=== Begin Enclosure ===

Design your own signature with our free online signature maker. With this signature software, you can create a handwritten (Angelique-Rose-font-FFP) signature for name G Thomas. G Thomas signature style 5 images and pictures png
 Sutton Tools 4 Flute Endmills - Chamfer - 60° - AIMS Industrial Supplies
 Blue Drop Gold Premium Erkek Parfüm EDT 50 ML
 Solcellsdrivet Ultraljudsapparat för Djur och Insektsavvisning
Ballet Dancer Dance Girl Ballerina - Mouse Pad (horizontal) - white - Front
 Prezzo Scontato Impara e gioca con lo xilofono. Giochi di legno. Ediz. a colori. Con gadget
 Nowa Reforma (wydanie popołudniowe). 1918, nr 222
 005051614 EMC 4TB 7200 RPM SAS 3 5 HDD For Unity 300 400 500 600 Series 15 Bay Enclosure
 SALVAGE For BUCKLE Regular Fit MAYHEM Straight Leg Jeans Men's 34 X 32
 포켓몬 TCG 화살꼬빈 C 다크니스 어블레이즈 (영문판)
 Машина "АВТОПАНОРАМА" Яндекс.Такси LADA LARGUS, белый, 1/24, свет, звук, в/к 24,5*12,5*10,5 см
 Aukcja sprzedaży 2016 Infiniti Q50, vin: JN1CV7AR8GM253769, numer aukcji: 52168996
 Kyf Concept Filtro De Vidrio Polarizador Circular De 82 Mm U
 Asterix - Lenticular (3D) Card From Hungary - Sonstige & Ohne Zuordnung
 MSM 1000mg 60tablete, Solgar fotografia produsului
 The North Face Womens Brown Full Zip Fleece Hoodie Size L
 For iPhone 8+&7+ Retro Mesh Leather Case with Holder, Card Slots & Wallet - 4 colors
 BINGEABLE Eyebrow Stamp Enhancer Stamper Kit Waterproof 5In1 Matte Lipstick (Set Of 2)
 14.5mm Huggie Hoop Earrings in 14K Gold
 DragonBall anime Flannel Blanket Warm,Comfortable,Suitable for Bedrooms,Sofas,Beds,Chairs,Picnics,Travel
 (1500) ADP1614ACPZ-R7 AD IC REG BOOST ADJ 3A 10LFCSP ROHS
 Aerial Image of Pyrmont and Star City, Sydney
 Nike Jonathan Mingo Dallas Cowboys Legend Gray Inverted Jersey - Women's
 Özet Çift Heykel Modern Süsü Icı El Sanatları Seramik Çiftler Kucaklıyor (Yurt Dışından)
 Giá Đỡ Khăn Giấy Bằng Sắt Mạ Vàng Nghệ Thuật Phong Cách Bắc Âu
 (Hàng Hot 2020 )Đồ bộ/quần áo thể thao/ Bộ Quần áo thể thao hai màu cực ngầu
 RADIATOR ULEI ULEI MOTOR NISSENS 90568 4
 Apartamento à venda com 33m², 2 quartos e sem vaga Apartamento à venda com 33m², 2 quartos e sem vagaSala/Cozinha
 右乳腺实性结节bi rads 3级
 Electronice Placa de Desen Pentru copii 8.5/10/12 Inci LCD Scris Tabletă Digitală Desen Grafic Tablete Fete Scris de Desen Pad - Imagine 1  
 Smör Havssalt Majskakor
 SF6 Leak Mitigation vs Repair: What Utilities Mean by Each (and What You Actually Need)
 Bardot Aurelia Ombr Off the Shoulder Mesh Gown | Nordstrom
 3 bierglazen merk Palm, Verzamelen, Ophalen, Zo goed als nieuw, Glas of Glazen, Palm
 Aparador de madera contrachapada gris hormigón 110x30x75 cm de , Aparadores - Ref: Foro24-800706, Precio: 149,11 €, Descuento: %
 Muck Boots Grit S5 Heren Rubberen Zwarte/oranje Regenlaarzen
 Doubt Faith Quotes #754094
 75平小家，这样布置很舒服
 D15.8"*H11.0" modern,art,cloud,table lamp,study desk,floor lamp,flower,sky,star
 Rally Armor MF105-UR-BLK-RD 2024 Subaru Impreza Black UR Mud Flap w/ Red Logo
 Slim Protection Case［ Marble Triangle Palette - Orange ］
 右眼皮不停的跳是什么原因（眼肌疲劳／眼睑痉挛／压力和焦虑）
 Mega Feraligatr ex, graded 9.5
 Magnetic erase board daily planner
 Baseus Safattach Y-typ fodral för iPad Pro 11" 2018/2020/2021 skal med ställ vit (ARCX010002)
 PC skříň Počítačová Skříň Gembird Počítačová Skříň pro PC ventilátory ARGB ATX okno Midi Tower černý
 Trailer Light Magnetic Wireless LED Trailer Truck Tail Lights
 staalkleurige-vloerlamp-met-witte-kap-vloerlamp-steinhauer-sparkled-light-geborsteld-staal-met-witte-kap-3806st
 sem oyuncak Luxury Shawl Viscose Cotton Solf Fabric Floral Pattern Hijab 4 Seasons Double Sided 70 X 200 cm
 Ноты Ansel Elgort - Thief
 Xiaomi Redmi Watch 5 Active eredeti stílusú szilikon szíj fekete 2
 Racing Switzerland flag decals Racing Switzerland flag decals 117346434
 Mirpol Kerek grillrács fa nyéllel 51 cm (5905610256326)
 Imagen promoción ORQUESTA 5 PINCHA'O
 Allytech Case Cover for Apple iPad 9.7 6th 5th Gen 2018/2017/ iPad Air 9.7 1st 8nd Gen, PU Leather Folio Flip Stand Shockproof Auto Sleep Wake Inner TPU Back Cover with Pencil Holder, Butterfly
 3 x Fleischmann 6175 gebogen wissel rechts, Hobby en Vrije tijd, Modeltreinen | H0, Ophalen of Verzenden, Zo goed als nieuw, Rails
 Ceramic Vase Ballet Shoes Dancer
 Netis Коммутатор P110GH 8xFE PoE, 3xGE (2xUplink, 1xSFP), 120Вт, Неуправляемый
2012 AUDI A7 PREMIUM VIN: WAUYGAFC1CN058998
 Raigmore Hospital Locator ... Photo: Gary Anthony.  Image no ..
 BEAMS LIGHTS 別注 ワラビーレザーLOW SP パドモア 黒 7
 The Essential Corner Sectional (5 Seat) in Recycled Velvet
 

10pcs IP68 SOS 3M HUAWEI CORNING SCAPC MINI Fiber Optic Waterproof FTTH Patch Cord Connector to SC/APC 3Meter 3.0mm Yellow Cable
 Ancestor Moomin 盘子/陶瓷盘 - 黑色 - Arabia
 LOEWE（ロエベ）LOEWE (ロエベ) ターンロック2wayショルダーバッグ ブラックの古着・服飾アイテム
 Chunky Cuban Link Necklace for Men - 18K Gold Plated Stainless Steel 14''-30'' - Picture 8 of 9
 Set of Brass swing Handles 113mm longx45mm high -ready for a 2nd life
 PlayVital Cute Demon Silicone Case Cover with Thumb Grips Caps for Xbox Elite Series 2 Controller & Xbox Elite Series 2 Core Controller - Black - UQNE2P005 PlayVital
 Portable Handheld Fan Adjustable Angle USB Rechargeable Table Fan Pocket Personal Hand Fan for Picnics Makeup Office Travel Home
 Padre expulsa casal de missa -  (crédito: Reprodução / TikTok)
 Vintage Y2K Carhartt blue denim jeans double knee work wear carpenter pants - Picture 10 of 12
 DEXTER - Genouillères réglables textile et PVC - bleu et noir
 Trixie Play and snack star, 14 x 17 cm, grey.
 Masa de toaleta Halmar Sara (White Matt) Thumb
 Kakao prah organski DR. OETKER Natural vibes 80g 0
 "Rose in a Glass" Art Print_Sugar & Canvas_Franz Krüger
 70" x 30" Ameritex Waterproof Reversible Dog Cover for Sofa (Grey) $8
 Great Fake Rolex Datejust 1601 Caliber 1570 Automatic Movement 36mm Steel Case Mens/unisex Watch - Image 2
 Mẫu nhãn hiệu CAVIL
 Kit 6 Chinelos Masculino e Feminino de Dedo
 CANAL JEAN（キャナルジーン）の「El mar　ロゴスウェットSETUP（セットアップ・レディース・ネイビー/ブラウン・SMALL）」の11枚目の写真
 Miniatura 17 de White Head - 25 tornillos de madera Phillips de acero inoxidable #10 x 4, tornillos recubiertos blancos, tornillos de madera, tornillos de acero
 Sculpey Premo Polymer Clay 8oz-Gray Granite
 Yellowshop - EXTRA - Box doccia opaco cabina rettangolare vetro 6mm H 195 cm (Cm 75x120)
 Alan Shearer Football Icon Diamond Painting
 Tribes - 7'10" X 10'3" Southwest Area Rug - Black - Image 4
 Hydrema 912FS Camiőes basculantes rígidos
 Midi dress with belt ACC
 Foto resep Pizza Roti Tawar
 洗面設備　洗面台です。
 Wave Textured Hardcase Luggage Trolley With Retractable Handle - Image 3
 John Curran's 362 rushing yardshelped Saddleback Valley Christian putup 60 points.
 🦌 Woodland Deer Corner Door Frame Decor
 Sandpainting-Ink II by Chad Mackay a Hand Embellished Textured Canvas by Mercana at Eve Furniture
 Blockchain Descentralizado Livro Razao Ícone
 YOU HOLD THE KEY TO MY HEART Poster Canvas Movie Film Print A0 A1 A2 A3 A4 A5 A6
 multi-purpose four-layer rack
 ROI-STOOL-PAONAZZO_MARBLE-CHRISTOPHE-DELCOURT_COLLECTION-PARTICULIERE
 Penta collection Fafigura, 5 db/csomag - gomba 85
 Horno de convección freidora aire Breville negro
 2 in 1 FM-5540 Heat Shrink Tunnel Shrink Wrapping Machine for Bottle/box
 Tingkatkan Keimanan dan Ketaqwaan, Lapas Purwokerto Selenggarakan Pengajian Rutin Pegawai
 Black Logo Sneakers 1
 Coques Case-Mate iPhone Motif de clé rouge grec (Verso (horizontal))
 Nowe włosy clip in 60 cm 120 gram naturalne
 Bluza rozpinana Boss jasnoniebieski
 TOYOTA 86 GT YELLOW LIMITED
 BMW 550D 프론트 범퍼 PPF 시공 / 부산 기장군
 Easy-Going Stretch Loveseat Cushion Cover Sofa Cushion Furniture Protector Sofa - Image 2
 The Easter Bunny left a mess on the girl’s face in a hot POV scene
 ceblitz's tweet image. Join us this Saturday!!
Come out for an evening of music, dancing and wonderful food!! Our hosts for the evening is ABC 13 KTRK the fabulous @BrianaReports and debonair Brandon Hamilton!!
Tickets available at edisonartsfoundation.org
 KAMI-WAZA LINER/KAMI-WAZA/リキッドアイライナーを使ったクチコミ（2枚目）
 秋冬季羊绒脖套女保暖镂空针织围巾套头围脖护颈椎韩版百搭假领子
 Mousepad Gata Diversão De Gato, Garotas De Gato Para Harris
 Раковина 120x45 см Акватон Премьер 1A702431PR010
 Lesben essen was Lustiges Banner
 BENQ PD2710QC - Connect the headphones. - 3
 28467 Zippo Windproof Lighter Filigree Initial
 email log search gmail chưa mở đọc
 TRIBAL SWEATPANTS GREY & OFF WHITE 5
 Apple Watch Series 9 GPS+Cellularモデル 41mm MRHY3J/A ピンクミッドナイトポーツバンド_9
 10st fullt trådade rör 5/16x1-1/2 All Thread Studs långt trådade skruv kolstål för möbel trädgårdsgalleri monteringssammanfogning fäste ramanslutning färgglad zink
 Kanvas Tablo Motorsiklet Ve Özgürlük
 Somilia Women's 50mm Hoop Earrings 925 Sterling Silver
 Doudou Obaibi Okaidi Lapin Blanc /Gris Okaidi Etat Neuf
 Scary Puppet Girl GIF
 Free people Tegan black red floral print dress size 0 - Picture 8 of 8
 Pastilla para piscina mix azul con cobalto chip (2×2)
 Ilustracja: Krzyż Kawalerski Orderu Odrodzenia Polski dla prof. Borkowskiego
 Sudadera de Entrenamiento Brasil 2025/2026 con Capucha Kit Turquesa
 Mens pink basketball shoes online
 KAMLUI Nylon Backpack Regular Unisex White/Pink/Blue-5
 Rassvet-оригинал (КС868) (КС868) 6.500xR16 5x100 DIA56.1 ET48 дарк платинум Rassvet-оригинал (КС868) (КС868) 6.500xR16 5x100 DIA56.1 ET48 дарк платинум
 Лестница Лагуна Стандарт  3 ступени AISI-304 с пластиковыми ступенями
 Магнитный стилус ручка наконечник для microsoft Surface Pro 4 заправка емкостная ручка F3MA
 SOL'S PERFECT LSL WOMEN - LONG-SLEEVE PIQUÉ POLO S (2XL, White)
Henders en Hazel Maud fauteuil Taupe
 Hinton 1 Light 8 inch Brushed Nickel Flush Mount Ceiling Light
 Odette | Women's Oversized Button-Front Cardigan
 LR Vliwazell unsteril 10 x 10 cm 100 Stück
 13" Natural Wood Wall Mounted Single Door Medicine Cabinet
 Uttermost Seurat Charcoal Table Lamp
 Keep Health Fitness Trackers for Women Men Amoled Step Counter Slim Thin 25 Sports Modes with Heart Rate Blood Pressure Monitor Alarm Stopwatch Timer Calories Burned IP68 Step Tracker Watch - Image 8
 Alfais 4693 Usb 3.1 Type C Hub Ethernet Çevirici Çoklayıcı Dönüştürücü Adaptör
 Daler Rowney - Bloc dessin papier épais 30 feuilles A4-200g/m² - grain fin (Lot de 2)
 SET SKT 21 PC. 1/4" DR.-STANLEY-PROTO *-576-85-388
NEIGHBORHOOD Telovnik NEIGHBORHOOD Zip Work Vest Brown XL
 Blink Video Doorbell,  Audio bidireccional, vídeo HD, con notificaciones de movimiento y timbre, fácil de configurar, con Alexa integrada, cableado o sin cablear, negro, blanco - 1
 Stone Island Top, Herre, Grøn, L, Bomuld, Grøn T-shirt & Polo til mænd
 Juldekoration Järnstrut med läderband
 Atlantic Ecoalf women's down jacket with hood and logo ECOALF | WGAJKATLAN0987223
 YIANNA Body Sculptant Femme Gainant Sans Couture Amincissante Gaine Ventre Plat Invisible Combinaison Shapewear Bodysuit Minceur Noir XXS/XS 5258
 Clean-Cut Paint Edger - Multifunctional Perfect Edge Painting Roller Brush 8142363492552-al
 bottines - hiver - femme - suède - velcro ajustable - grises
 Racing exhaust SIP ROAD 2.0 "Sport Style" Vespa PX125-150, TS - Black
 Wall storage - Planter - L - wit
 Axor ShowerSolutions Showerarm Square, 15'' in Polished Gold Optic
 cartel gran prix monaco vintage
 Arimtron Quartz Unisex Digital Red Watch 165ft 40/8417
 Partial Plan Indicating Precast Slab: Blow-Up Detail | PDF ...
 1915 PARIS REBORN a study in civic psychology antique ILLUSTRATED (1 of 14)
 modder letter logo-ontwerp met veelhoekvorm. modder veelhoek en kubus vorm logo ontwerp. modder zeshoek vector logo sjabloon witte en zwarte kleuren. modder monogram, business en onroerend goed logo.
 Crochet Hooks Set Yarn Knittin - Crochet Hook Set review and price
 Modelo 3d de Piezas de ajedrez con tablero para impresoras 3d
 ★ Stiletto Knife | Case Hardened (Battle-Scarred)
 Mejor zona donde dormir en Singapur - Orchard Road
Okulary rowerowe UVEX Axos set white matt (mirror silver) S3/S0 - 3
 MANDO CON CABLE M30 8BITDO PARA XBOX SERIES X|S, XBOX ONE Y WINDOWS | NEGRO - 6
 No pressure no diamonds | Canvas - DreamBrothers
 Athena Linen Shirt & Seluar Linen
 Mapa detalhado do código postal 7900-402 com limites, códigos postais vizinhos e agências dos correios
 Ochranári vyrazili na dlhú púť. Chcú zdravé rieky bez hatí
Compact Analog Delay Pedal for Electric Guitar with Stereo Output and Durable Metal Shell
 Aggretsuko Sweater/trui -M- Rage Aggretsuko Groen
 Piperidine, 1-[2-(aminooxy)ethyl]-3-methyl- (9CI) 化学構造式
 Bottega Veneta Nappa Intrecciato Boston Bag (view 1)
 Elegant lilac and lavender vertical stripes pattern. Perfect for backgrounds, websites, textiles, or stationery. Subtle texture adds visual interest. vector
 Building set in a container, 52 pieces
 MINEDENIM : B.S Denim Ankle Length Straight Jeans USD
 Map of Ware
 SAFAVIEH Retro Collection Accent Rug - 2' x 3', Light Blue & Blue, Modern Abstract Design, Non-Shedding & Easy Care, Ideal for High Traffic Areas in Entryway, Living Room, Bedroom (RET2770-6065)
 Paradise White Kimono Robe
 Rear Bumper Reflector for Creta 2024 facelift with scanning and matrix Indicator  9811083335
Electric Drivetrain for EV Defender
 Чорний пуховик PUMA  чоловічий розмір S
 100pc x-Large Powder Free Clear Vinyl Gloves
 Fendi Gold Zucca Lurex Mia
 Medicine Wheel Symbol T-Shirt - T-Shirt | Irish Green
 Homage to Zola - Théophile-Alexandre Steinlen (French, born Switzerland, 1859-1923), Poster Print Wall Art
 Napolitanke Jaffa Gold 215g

=== End Enclosure ===

**Problem**
What is needed is a verbatim copy of every line in the records above from the one containing "LOEWE（ロエベ）LOEWE (ロエベ) ターンロック2wayショルダーバッグ" down to the one containing "Set of Brass", both included, and nothing more.

**Exercise answer**
 LOEWE（ロエベ）LOEWE (ロエベ) ターンロック2wayショルダーバッグ ブラックの古着・服飾アイテム
 Chunky Cuban Link Necklace for Men - 18K Gold Plated Stainless Steel 14''-30'' - Picture 8 of 9
 Set of Brass swing Handles 113mm longx45mm high -ready for a 2nd life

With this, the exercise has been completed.